— Я и сама собиралась с тобой это обсудить.
— Не сомневался, что наши желания совпадут, — продолжал Густав. — Собственно, дело тут не в твоих и не в моих чувствах. Мы с тобой могли бы просто сказать друг другу, что не произошло ничего, чреватого переменами. Мы два дерева, стоящие рядом в лесу. Одно несет на себе женское соцветие, другое — мужское. И вот наступила пора, когда все растения с нетерпением ждут теплого ветра, гонца любви. В пыльной похотливой туче, набухающей благодаря тому ветру, смешивается мужская сила разных других деревьев, живущих поодаль. Пугаться тут нечего. Я не ревнив, Эллена. Но ведь существуют топоры, способные срубить дерево...
— Это неверно, — сказала она, смежив веки.
— Что дерево можно погубить? — спросил он.
— Само твое сопоставление.
— Что тебя убьют — такая возможность существует.
— Мне нехорошо, — сказала она, — но я не вправе тебе не ответить.
— Ты же сама хотела со мной поговорить, — настаивал он.
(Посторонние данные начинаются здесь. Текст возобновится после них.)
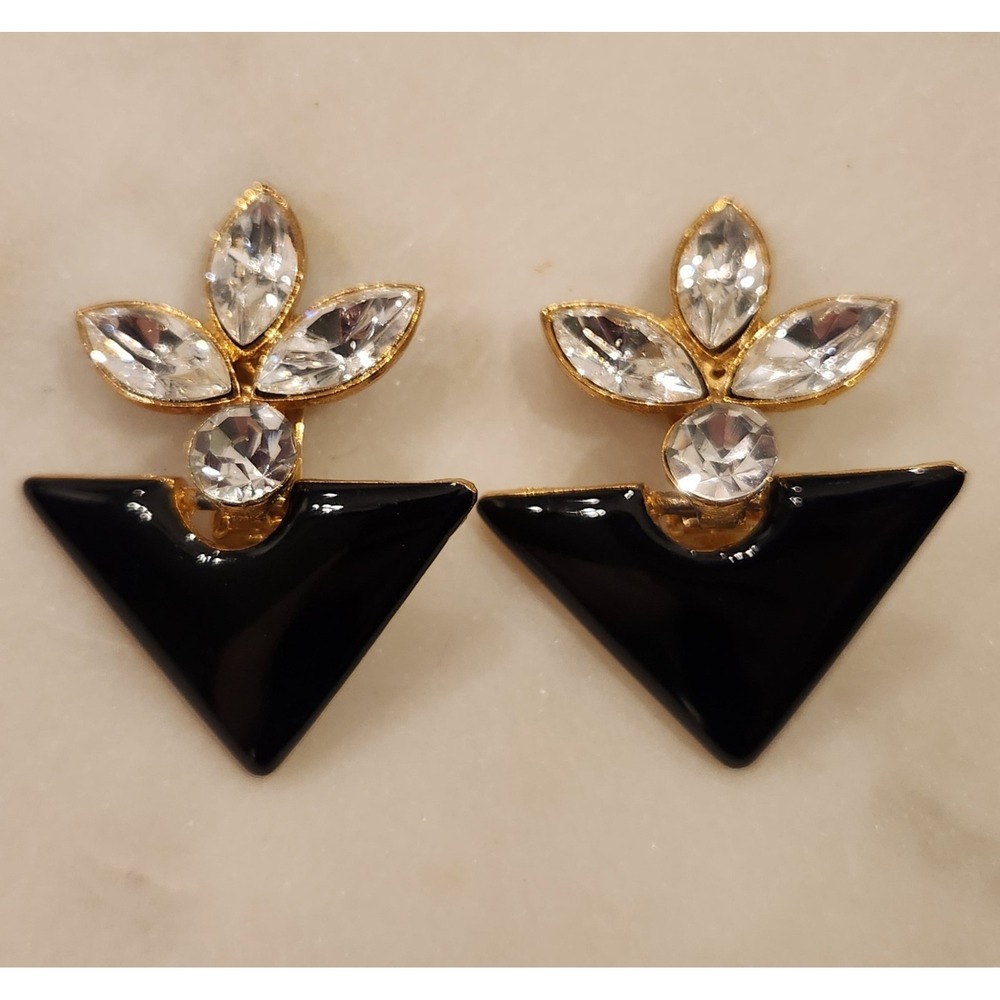 Vintage Clip On Earrings Black Enamel Gold Tone Triangle Rhinestone Art Deco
— Суперкарго, — начала она, — несчастный человек.
— Я предполагал это, — сказал Густав.
— Он живет на теневой стороне, — сказала она.
— Это заметно каждому, кто привык доверять собственным глазам. Твои слова только подкрепляют мою уверенность: что суперкарго способен на необдуманный поступок. Я ведь не говорю, что он плохой. Возможно, плохих людей вообще не бывает. Но он человек стесненный. И потому несвободный. В своем одиночестве он прислушивается к голосам. Имеются даже доказательства его неустанного вслушивания: подслушивающие устройства. Он, значит, внемлет шепоту страстей, тысячекратно усиленному. И для него это становится потребностью, неутолимым голодом. Он сам не заметит, как сделается слепым орудием Высшей силы. Хищной рыбой, пожирающей внутренности.
— Неправда, — бессильно возразила она.
— Мы все учимся на своих ошибках, — сказал он. — Человеку свойственно оступаться.
Эллена сказала:
— Ты вот завел дружбу с нашими матросами. И не находишь ничего предосудительного в том, чтобы услаждать себя их воспоминаниями. А ты не подумал, что такая компания тебе не подходит? Тебя не пугает, что их разглагольствования перенесут тебя в притоны бесстыдства, где ты будешь свидетелем таких разоблачений, после которых станешь чужим для себя прежнего? Ты, конечно, не задумывался ни о чем подобном. Да, наверное, и не мог бы. Потому что, судя по плану твоих действий, сомнений у тебя не возникало. Я вовсе не упрекаю тебя, когда говорю, что умнее было бы продумать такие вещи заранее. Впрочем, ты бы все равно не отказался от этой вульгарной дружбы, которая, как ты полагаешь, ни к чему тебя не обязывает, зато позволяет обрести — без ущерба для себя — новый жизненный опыт.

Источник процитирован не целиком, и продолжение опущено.